Once again, conventional wisdom has proven correct: elegant simplicity is better than awkward extravagance. Unfortunately, in the fashion industry, when the "look at me" crowd takes over elegance seems to fall by the wayside. It's the 14th of October at Square. After an hour's wait, the opening fashion show finally begins, kicking off three straight days of Brussels fashion. An uncomfortable feeling washes over the crowd. The show lacks any trace of originality. It tries to be subversive, but instead seems to disappoint much of its audience.

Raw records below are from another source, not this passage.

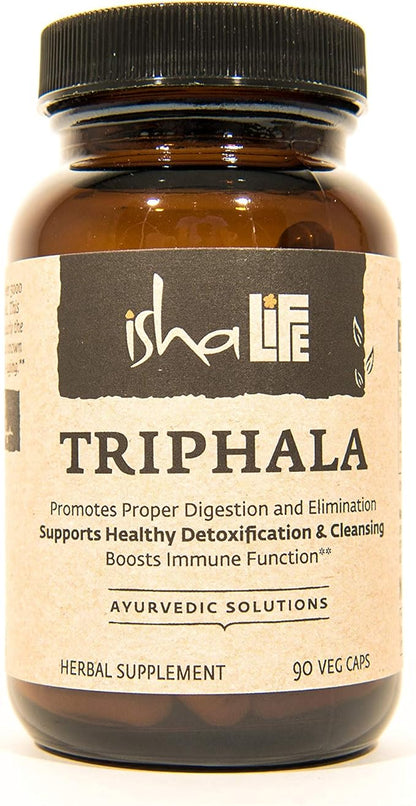 ISHA Organic Triphala Capsules - Natural Supplement, 500 mg ea (90 Veg caps)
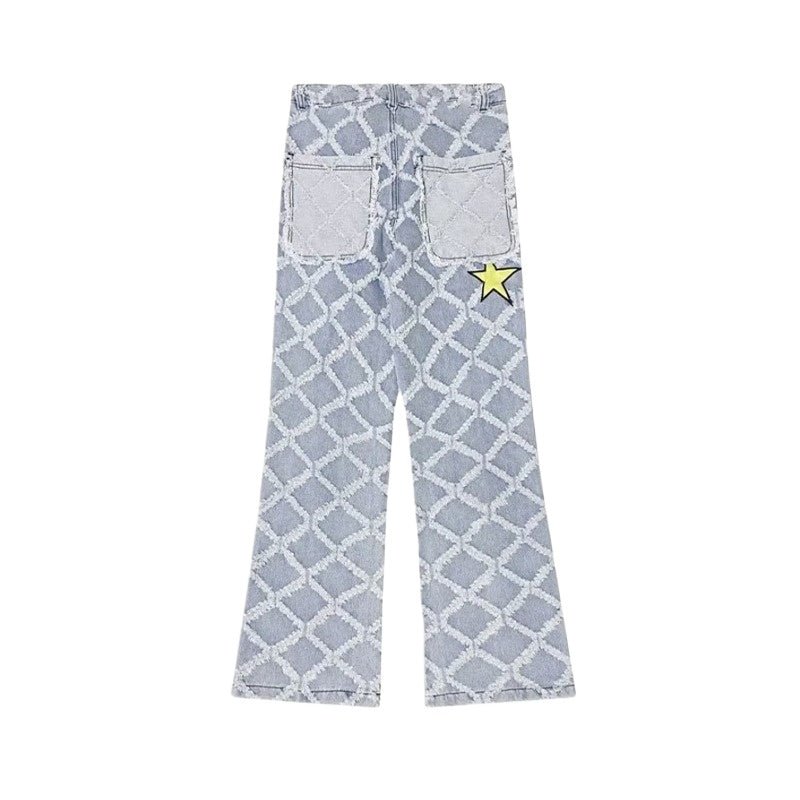 Star Printed Frayed Grid Jeans - Thrashink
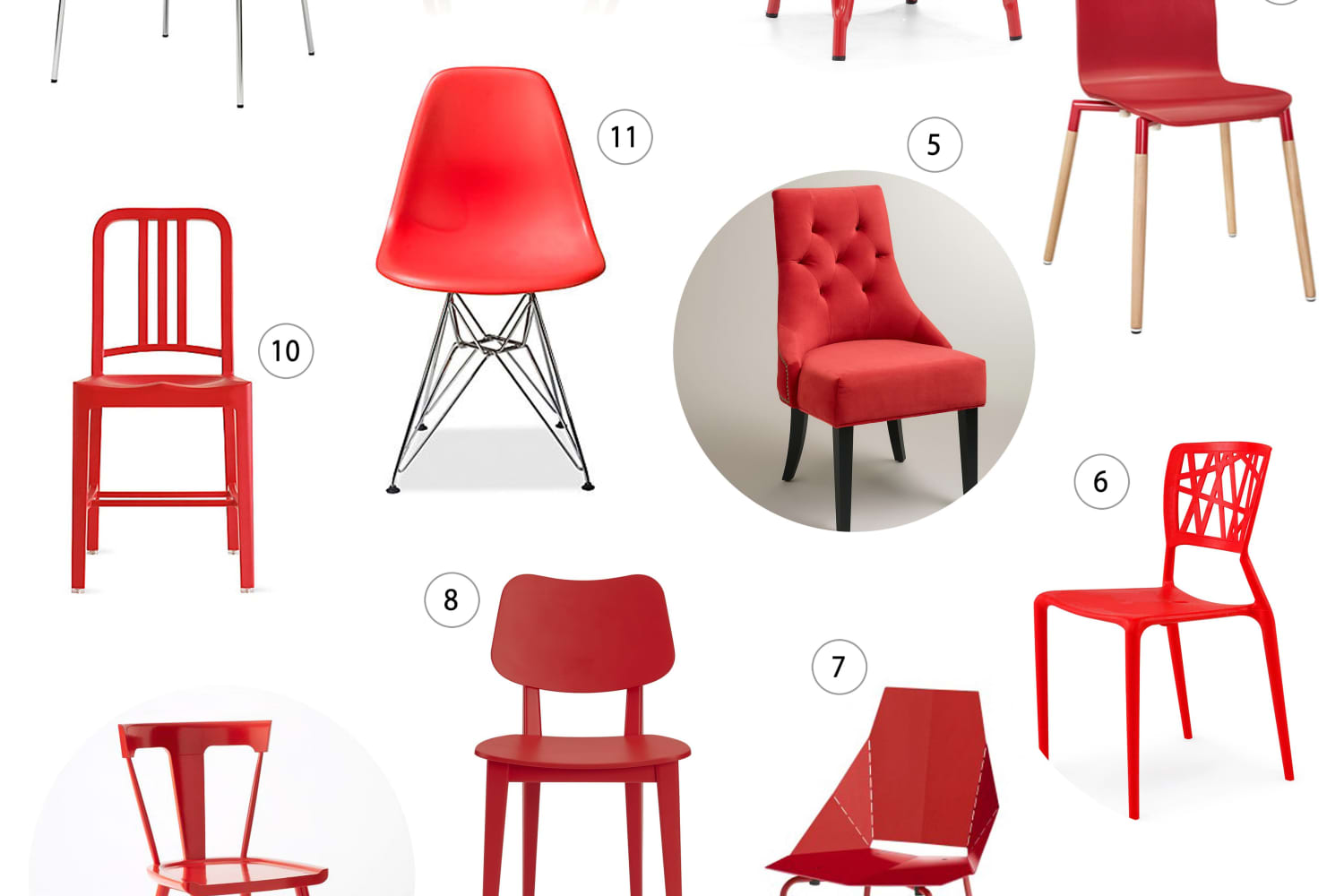 Red shop restaurant chairs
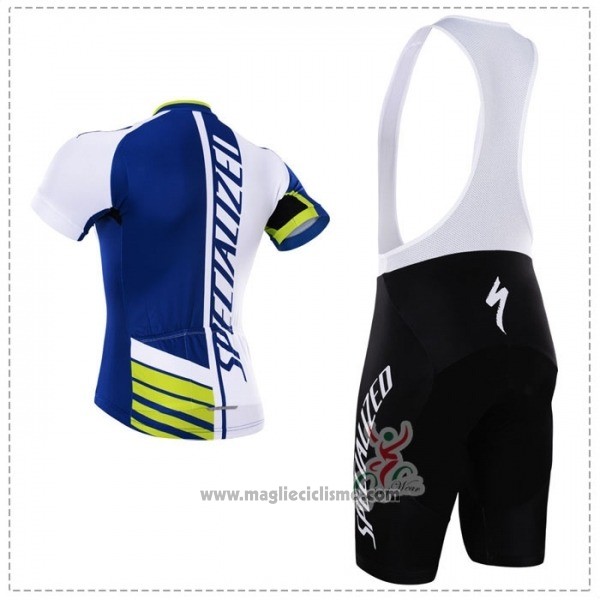 2018 Abbigliamento Ciclismo Specialized Blu Verde Bianco Manica Corta e Salopette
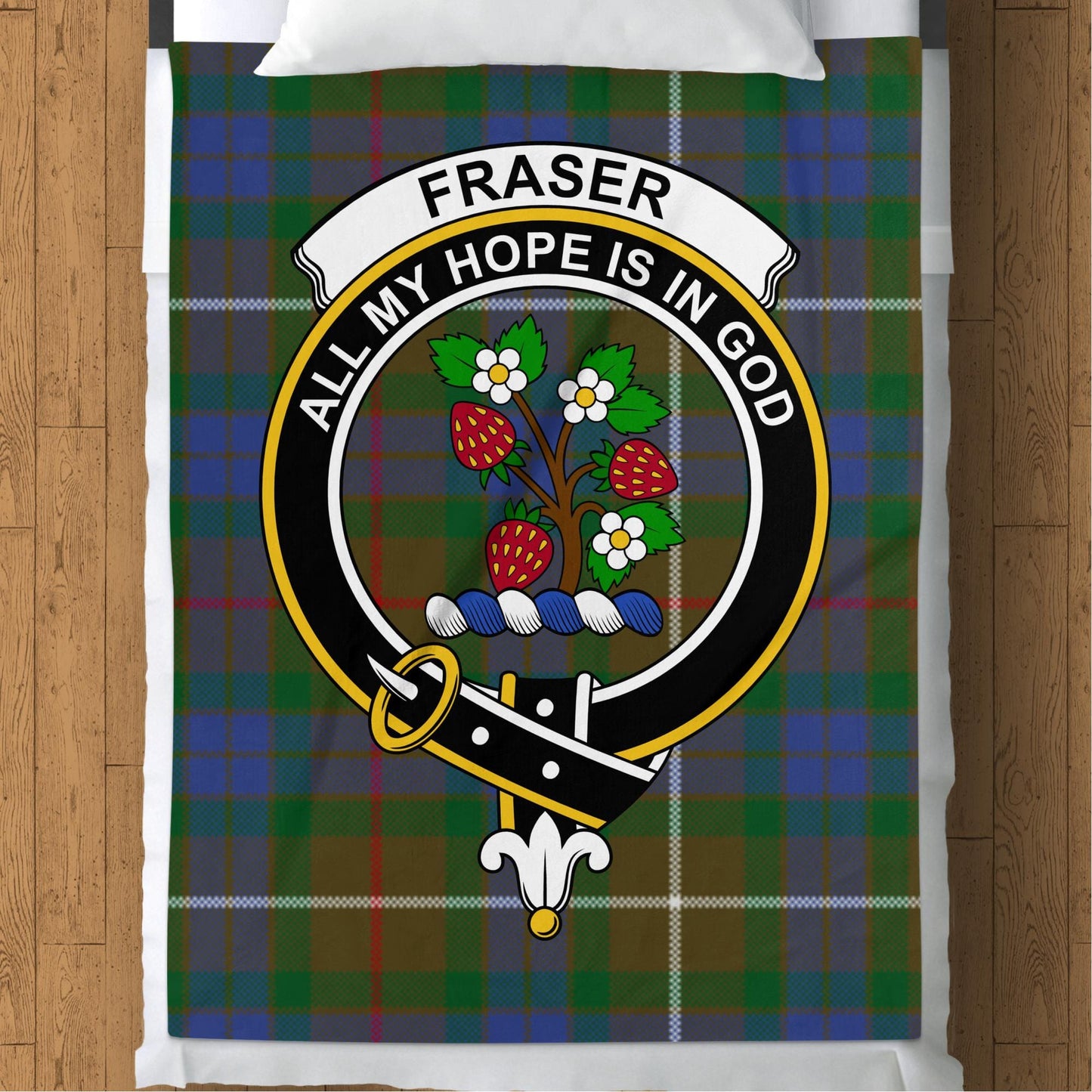 Scottish Clan Fraser Crest Tartan Blanket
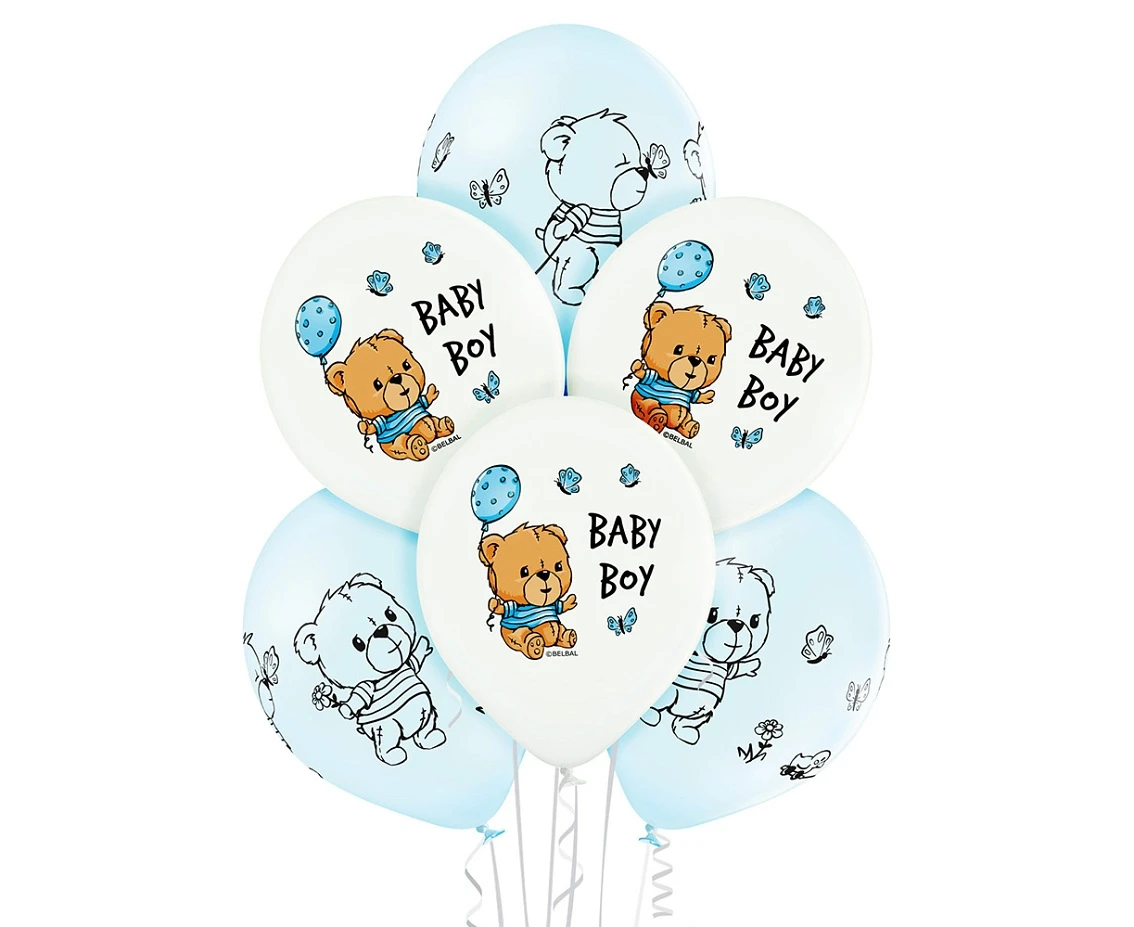 Balloons Belbal 12", D11, Cute Baby Boy white and blue, 6pcs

The truly worthwhile part of the opening evening is happening in the basement, where pop-up stores (a fancy word for 'stands') have new, original ready-to-wear brands on display, all much classier than the collections being presented in the show. Cafébabel Brussels chose three favourites, all created by women.
The Never-ending Story of Lauriane Mills
M.I.A. may have sung Rewear It for H&M in April of 2016, but Lauriane is making it a reality. This 28 year old from Brussels collects mass quantities of used clothing. She disassembles, re-designs, and sews, giving new life to old clothes by turning them into unique, one-of-a-kind garments. Her brand's philosophy, Wear a Story, is a combination of environmentalism and nostalgia, because according to Lauriane, fabric holds memories. This young fighter and former business student is now a fashion teacher, living her dream to create a line of clothing that is ethical, youthful, and well-designed.
The Wax Prints of Siré Kaba
This 35-year-old resident of Molenbeek is originally from French Guiana, and she wears many hats: mother, communications manager, and founder of Erratum Fashion. "The mixing of cultures is vital. It's very important to me to take on a new approach, to see the world differently," she says. The essence of her brand is a combination of poetic, ethnic prints and modern lines. Siré uses this approach to blend horizons, for women who are proud to be citizens of the world. Always thrifty, she uses the leftover ends of her fabrics to make bow ties.
The "Slow Fashion" of An Buermans
Disgusted by the excessively high output of the leading brands she used to work for, and the sales-focused requirements of her former supervisors, An Buermans decided to focus on "slow fashion." Because she is against mass fashion (H&M and Zara, for example), her philosophy is thoughtful fashion. What does that mean? She comes out with just one collection per year, a combination of winter and summer clothing. An's clothing is made in Belgium, with high-quality fabrics that can last for years. Local fashion for a local world means that her brand's carbon footprint is reduced as much as possible. Besides being a dedicated activist, the 35 year old is also involved in projects like The Showroom, a platform for creative designers.